The correct way to %timeit functions operating on cuda tensors
Say, you want to measure the speed of finding out whether any of the elements of the tensor on cuda are nan
:
def test_overflow(x):
return torch.isnan(x).any().item()
x = torch.randn(512,1024).cuda()
x[123,145] = float('inf')
%timeit test_overflow(x)
- CUDA synchronize
By default, CUDA kernel calls are asynchronous, meaning that a CUDA program can proceed to the next instruction before the kernel actually completes execution. So to get the true measurements you need to make sure you sync the kernel and include that time in the execution measurement:
def test_speed_synced(x):
test_overflow(x)
torch.cuda.synchronize()
%timeit test_speed_synced(x)
Sometimes you will get identical results w/ and w/o sync.
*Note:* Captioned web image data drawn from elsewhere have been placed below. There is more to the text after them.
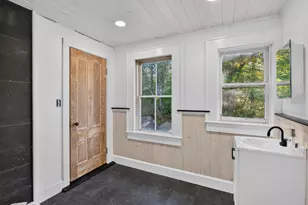72 Carson Rd, Calais, ME 04619 - Photo 16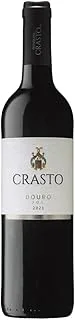 Crasto Douro Tinto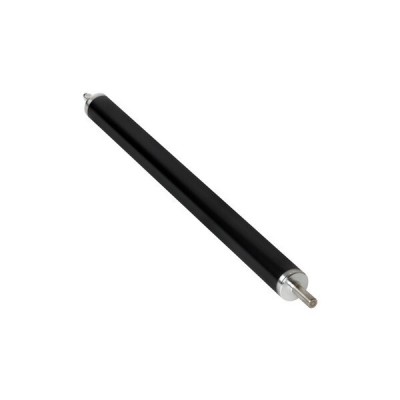 ROULEAU DE CHARGE CANON IR2016 /IR2520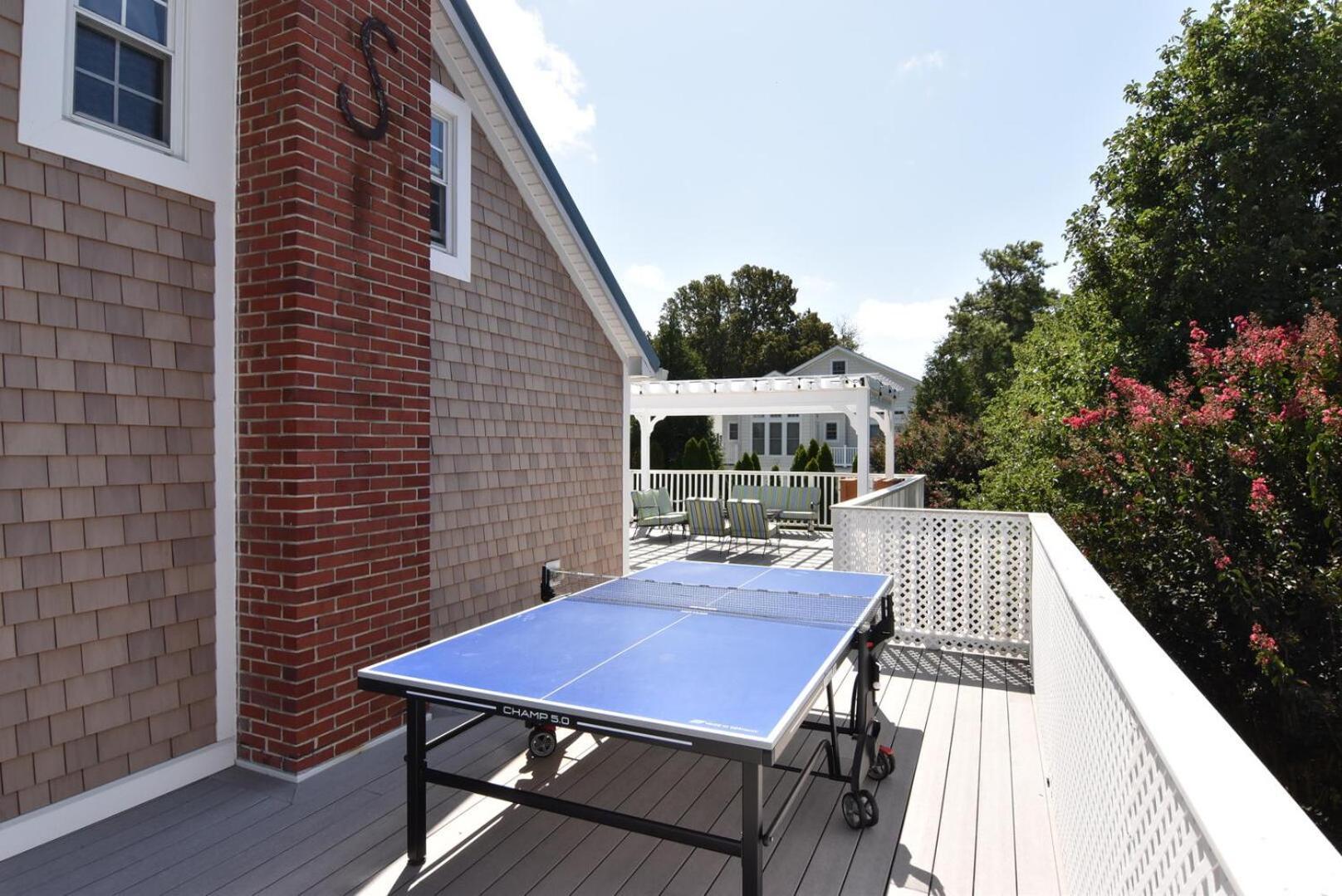 Holiday home Philadelphia Street 224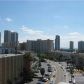 401 Golden Isles Dr # 1015, Hallandale, FL 33009 ID:1110113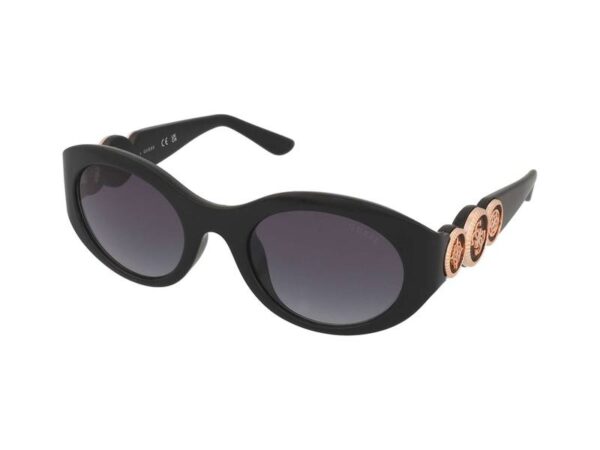 Zonnebril Guess GU00198-H 01B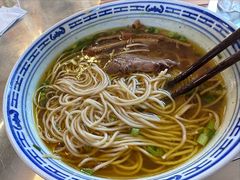 -永丰面馆(汉口路店)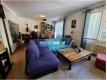 Appartement de 82.42m2  vendre 258 000 EUR  Montpellier Hrault Montpellier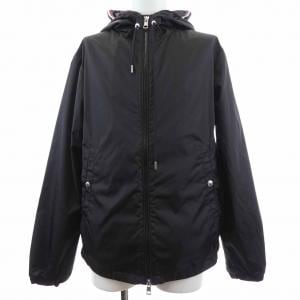 モンクレール MONCLER GRIMPEURS ジャケット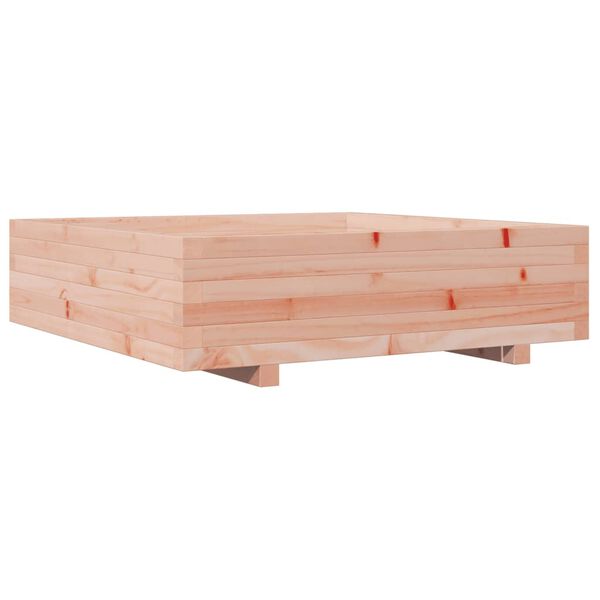 Viser 1 av 10 produktbilde(r)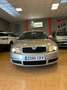 Skoda Superb 1.9TDI Classic 130 Beige - thumbnail 1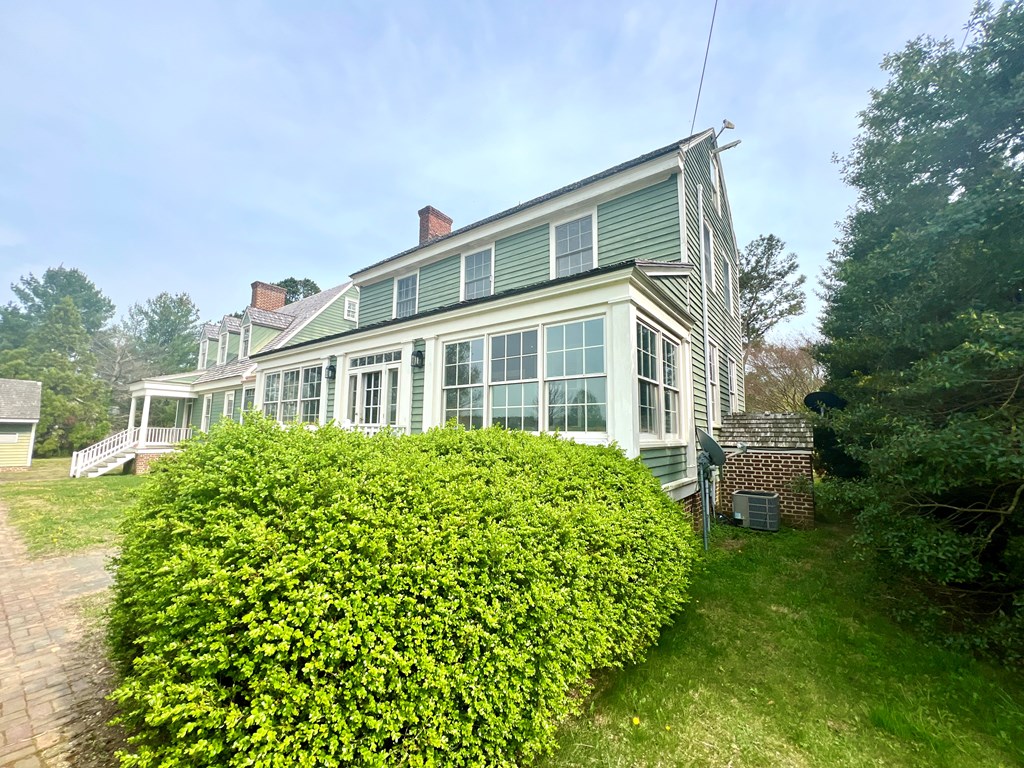 9041 Wellington Neck Rd, Franktown, Virginia image 12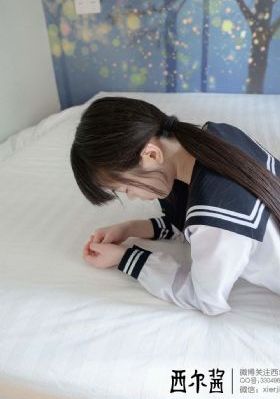 启航:当风起时 电视剧
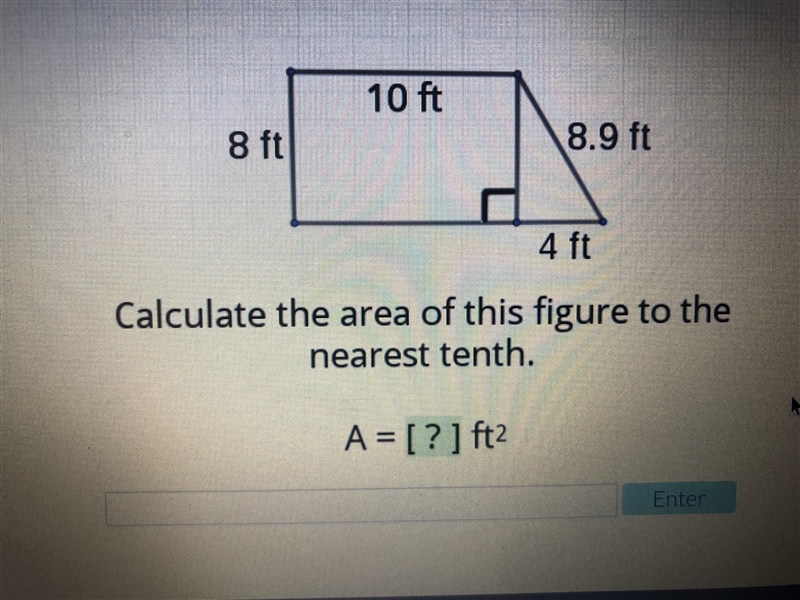 NEED HELP WITH A MATH QUESTION-example-1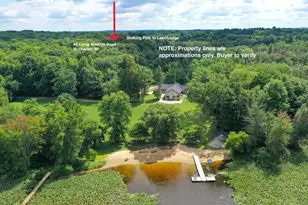 46 Camp Madron Rd, Buchanan, MI 49107 - Photo 37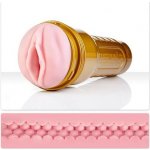 Fleshlight Pink Lady Stamina Training Unit 25 cm – Zboží Dáma
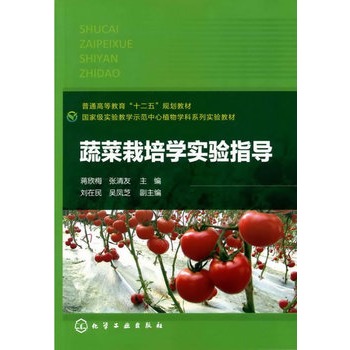 �߲������W���ָ��(�Y��÷)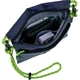 Сумка крос-боді Kite Education teens K24-2772-3 22.5x21.5x1 - зображення 8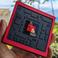 Snapdragon 8 Elite Gen 5 Benchmarks: Qualcomm's Upcoming Mobile Chip Tested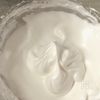 バレンタインに💝優しい口溶け♪米粉のガトーショコラの工程5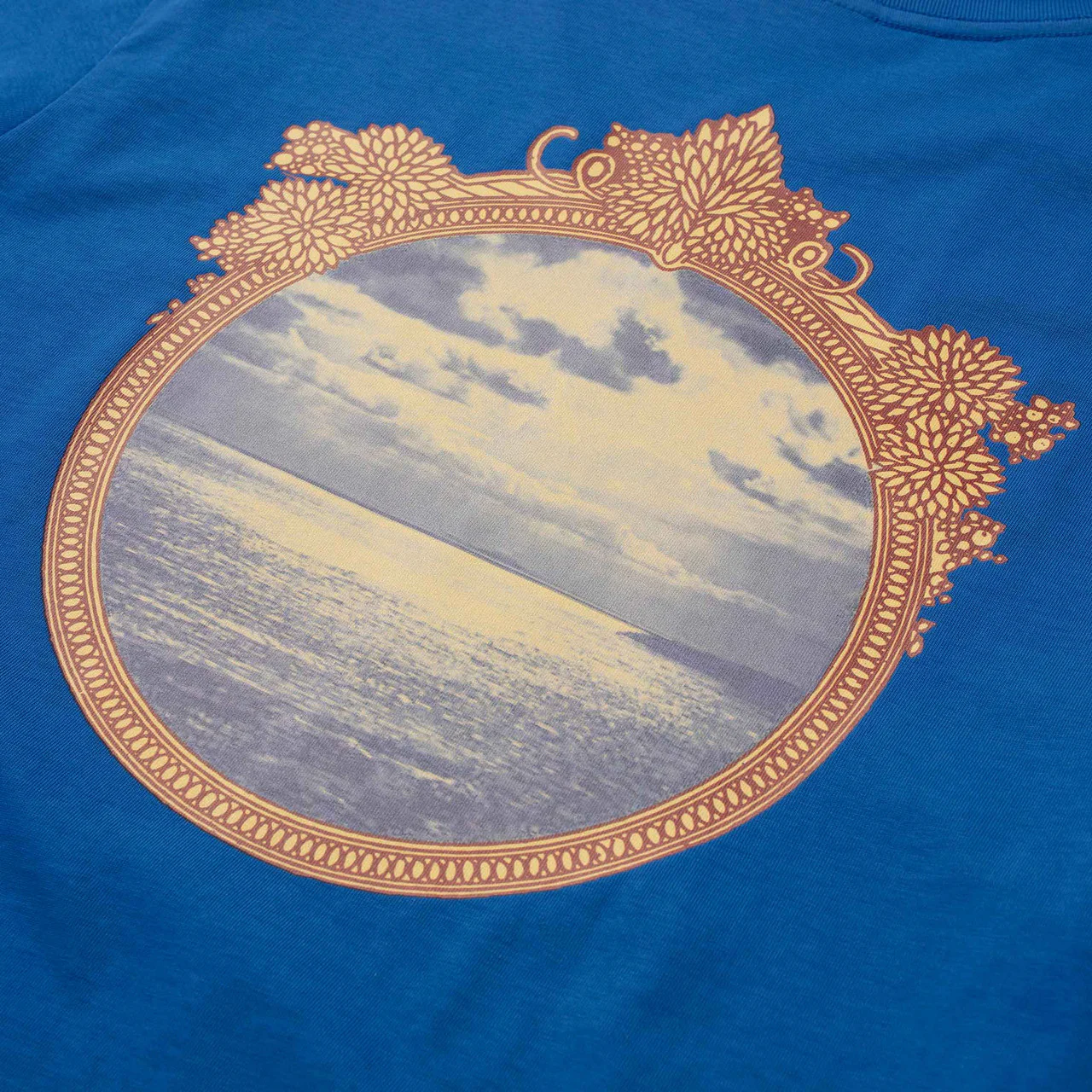Scenery Tee - Image 6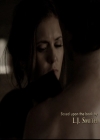 VampireDiariesWorld-dot-nl_6x18INeverCouldLoveLikeThat0267.jpg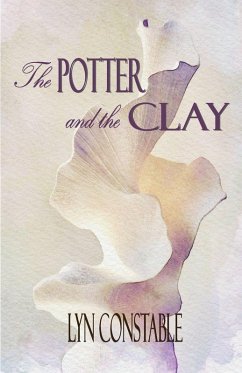 Cover The Potter and the Clay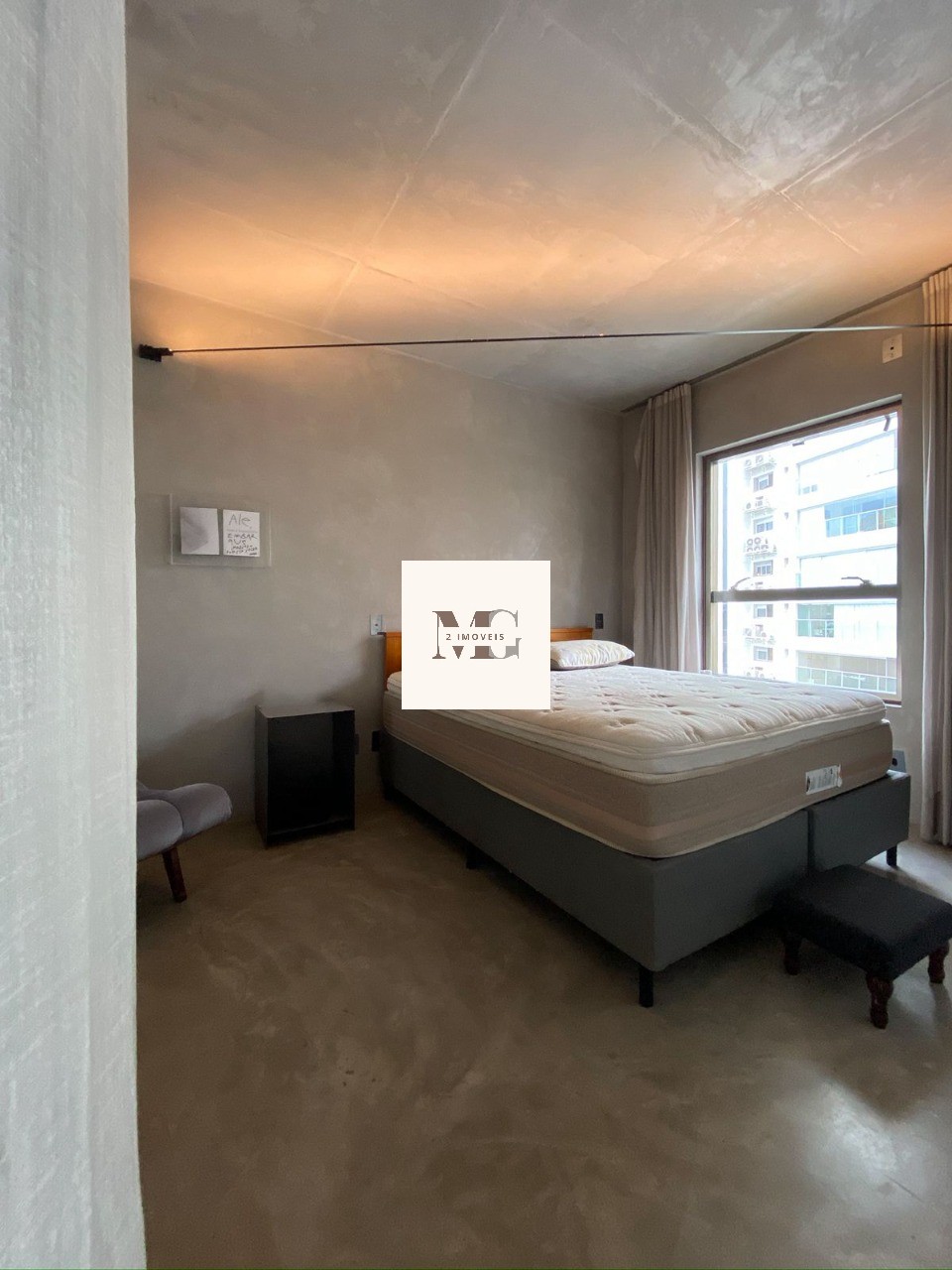 Apartamento, 1 quarto, 72 m² - Foto 7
But it’s best to always synchronize the kernel.
You don’t need to sync if the operation is done on a non-cuda tensor.
- CUDA setup+warm up
And you also want to ensure to have a warm up stage, to ensure everything is setup and synced before the measurement starts, so you’d run it as:
def test_speed_synced(x):
test_overflow(x)
torch.cuda.synchronize()
test_speed_synced(x) # warm up + sync
%timeit test_speed_synced(x) # measure w/ sync
And, of course, you probably don’t want to run anything in parallel on that same GPU.
Wishlist: code a %cuda_timeit
magic to get back to the nice, short way of calling it.
Thanks to @t-v for this recipe.
note: Another way to turn the async kernel launching feature off, is to set CUDA_LAUNCH_BLOCKING
env var to 1. Which can be useful for debug, but you don’t want that if you want the full speed of your GPU.